Workflow(scraper: IScraper, analyzer: IAnalyzer, link_collector: ILinkCollector = None, logger: Logger = None)

Orchestrates scraping and analysis processes.

Attributes:

Name Type Description
scraper IScraper

The scraper instance.

analyzer IAnalyzer

The analyzer instance.

store Dict[str, StoreRecord]

Storage for scrape and analysis results keyed by link.

StoreRecord

StoreRecord(link: str)

Stores the scrape and analysis results for a specific link.

scrape__generator

scrape__generator(links: Sequence[str]) -> Generator[ScrapeResult, None, None]

Scrape content from the provided links.

Removes duplicate links and filters out those already scraped (unless 'overwrite' is True).

Parameters:

Name Type Description Default
links Sequence[str]

List of URLs to scrape.

required
overwrite bool

If True, re-scrape links already present in the store.

required
collect_links()

Collect links using the targeter and store them in the store.

get_links() -> pd.DataFrame

Return a DataFrame copy of the stored links.

scrape

scrape(links: Iterable[str] = None, overwrite: bool = False) -> Sequence[ScrapeResult]

Scrape content from the provided links and return a list of ScrapeResult objects.

Parameters:

Name Type Description Default
links Iterable[str]

Collection of URLs to scrape. If None, targets links already collected in the store.

None
overwrite bool

If True, re-scrape links that have already been successfully scraped.

False

Returns:

Type Description
Sequence[ScrapeResult]

Sequence[ScrapeResult]: List of ScrapeResult objects for each link.

get_scrapes

get_scrapes() -> pd.DataFrame

Return a DataFrame copy of the stored scrape results.

update_scrapes

update_scrapes(data)

Update scrapes using different input data types.

This generic dispatcher supports updating scrape results using
  • A list of ScrapeResults
  • A dictionary mapping links (str) to ScrapeResults
  • A pandas DataFrame containing ScrapeResult fields in columns

Raises:

Type Description
NotImplementedError

If the data type is not supported.

update_analyses

update_analyses(data, output_cols: Sequence[str] = None)

Update analyses using different input data types.

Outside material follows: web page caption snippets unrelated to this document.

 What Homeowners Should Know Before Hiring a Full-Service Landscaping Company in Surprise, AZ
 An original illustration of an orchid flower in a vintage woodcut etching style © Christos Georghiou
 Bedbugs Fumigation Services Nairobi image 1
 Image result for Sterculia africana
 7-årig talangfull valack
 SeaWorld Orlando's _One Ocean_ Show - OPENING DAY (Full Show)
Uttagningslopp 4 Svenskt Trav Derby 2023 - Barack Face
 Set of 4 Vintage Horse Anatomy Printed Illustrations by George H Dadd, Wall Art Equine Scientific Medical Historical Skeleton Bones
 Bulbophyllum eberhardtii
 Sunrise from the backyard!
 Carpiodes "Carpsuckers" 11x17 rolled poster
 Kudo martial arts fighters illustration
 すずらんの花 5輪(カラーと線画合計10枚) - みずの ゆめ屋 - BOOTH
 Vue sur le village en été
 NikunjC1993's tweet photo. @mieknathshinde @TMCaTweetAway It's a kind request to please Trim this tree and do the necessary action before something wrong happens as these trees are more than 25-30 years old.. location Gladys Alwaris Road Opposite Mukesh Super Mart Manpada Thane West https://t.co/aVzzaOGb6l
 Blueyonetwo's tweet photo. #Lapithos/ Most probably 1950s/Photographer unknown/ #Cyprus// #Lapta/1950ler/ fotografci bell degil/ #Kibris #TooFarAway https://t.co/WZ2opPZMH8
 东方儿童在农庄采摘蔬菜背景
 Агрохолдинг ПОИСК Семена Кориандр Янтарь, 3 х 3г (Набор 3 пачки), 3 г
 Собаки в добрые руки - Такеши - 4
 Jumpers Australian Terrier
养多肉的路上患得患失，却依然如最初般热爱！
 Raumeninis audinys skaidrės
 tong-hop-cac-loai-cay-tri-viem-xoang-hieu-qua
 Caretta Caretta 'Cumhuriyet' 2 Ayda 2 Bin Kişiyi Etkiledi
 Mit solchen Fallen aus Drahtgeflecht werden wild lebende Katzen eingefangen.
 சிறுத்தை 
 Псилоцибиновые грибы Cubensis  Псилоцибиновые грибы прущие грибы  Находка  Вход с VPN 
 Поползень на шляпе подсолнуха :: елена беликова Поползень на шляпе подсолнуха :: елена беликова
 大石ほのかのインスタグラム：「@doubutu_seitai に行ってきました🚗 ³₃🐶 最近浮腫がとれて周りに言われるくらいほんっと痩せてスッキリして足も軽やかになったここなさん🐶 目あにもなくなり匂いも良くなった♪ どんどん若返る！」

This generic dispatcher supports updating analysis results using
  • A dictionary mapping links (str) to AnalysisResult objects
  • A pandas DataFrame containing a 'links' column and AnalysisResult information

Raises:

Type Description
NotImplementedError

If the data type is not supported.

clear_scrapes

clear_scrapes()

Clear all ScrapeResults from the store.

clear_analyses

clear_analyses()

Clear all AnalysisResults from the store.

clear_store

clear_store()

Erase all records of scraped and analyzed content.

analyze__generator

analyze__generator(links: Sequence[str]) -> Generator[AnalysisResult, None, None]

Analyze content for links that have been successfully scraped but not yet analyzed.

Parameters:

Name Type Description Default
overwrite bool

(Currently unused) Reserved for future re-analysis capabilities.

required

analyze

analyze(overwrite: bool = False) -> Sequence[AnalysisResult]

Analyze content for links that have been successfully scraped but not yet analyzed.

Parameters:

Name Type Description Default
overwrite bool

(Currently unused) Reserved for future re-analysis capabilities.

False

Returns:

Type Description
Sequence[AnalysisResult]

Sequence[AnalysisResult]: List of AnalysisResult objects for each link.

get_analyses

get_analyses() -> pd.DataFrame

Return a DataFrame copy of the stored analysis results.

update_records

update_records(records: Sequence[StoreRecord])

Update records in the store.

Parameters:

Name Type Description Default
records Sequence[StoreRecord]

List of StoreRecord objects to replace the current store.

required

dump_store

dump_store() -> pd.DataFrame

Dump the store to a DataFrame that can be loaded later.

load_store

load_store(df: DataFrame, flush: bool = True)

Load the store from a DataFrame.

Parameters:

Name Type Description Default
df DataFrame

DataFrame containing scrape and analysis results.

required
flush bool

If True, clear the current store before loading.

True

export

export(verbose=False) -> pd.DataFrame

Export stored records as a DataFrame with unnested analysis outputs.

If verbose is True, include extra metadata such as success flags and error messages.

Parameters:

Name Type Description Default
verbose bool

If True, include additional columns for detailed status.

False

Returns:

Type Description
DataFrame

pd.DataFrame: A DataFrame containing exported records.